Lottery fraudster Eddie Tipton sentenced to 25 years


eddie-tipton-lottery-fraud-sentenceConvicted lottery fraudster Eddie Tipton has been sentenced to 25 years in prison just as America braces for the second-highest jackpot in Powerball history.

In June, Tipton reached a deal with Iowa prosecutors to plead guilty to a single count of ongoing criminal conduct related to his role in a conspiracy to rig Multi-State Lottery Association (MUSL) drawings. At the time, prosecutors announced they would seek the maximum punishment available.

On Tuesday, District Court Judge Brad McCall sided with those prosecutors, sentencing Tipton to the maximum 25 years in prison, although Tipton will be eligible for parole in as little as three years’ time. A Wisconsin judge previously sentenced Tipton to five-and-a-half years after he pled guilty to theft, fraud and computer crime, but McCall will be allowed to serve both sentences concurrently.

Tipton and his co-scammers – brother Eddie Tipton and mutual friend Robert Rhodes – claimed seven fraudulent lottery jackpots in five different states over a number of years before their scam spectacularly unraveled in 2011 when they made a ham-fisted attempt to anonymously claim their largest prize, a $16.5m Iowa Lottery Hot Lotto jackpot.

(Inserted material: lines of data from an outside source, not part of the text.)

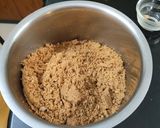 A picture of step 2 of Poha balls.
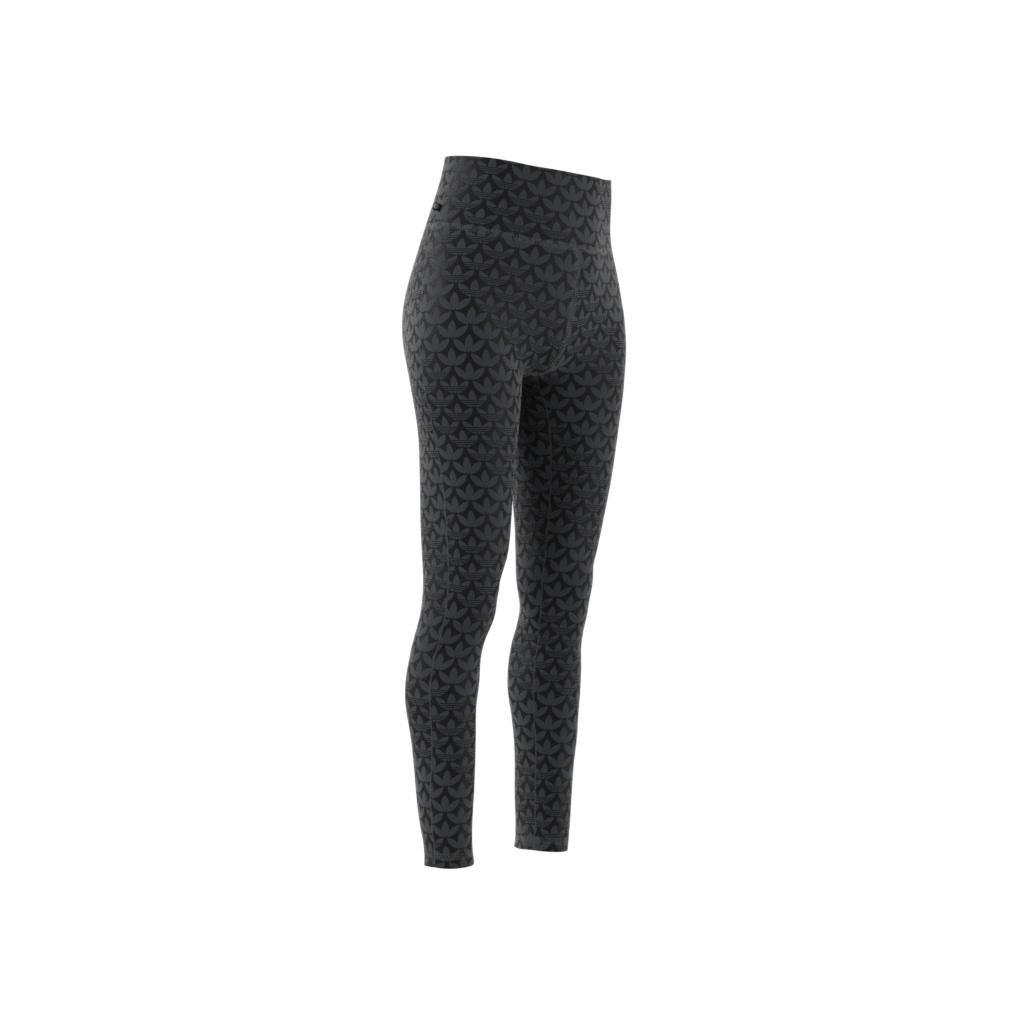 Leggings, Black, , large image number 6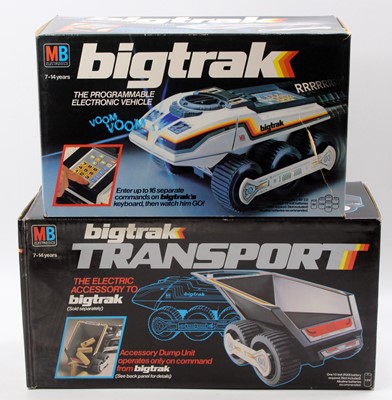 Lot 1690 - An MB Electronics Big Track boxed transport...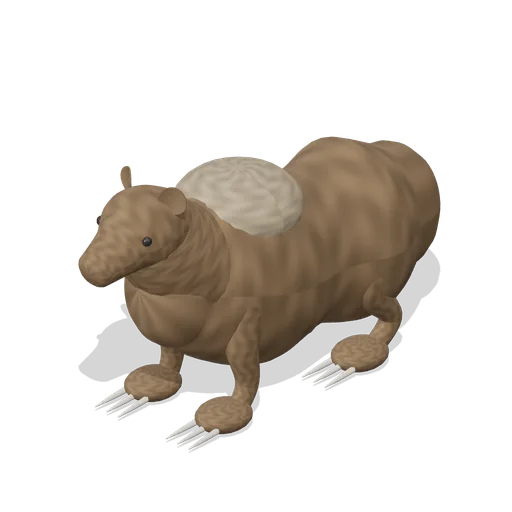 Grizzly bear (Realistic Wild Animals HD)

Tipton formerly worked as a computer information security director for the MUSL, a job that allowed him access to MUSL servers. Tipton installed a ‘rootkit’ device that caused the servers’ random number generator to deliver specific sets of winning numbers on specific drawings, for which the scammers would purchase guaranteed winning tickets.

Tommy Tipton, Rhodes and some other ‘beards’ were tasked with claiming the prizes in exchange for a cut of the profits. Tommy Tipton is currently serving a 75-day sentence in Texas, while Rhodes, who has pled guilty to fraud, will be sentenced Friday.

The Tipton brothers have been ordered to pay $3m in restitution to the various lotteries they defrauded, with Eddie Tipton responsible for $2.2m of that total. However, Tipton told Judge McCall on Tuesday that he wasn’t sure how he’ll be able to repay that sum.

Meanwhile, Wednesday’s Powerball jackpot is expected to top $700m, ranking second in size only behind last year’s record $1.6b prize, which was claimed by three different winners. The $700m would be issued via annual payments over 29 years, while the one-time cash option will be worth $443m (minus 25% to the IRS in addition to local state taxes). The Powerball jackpot has not been hit since June.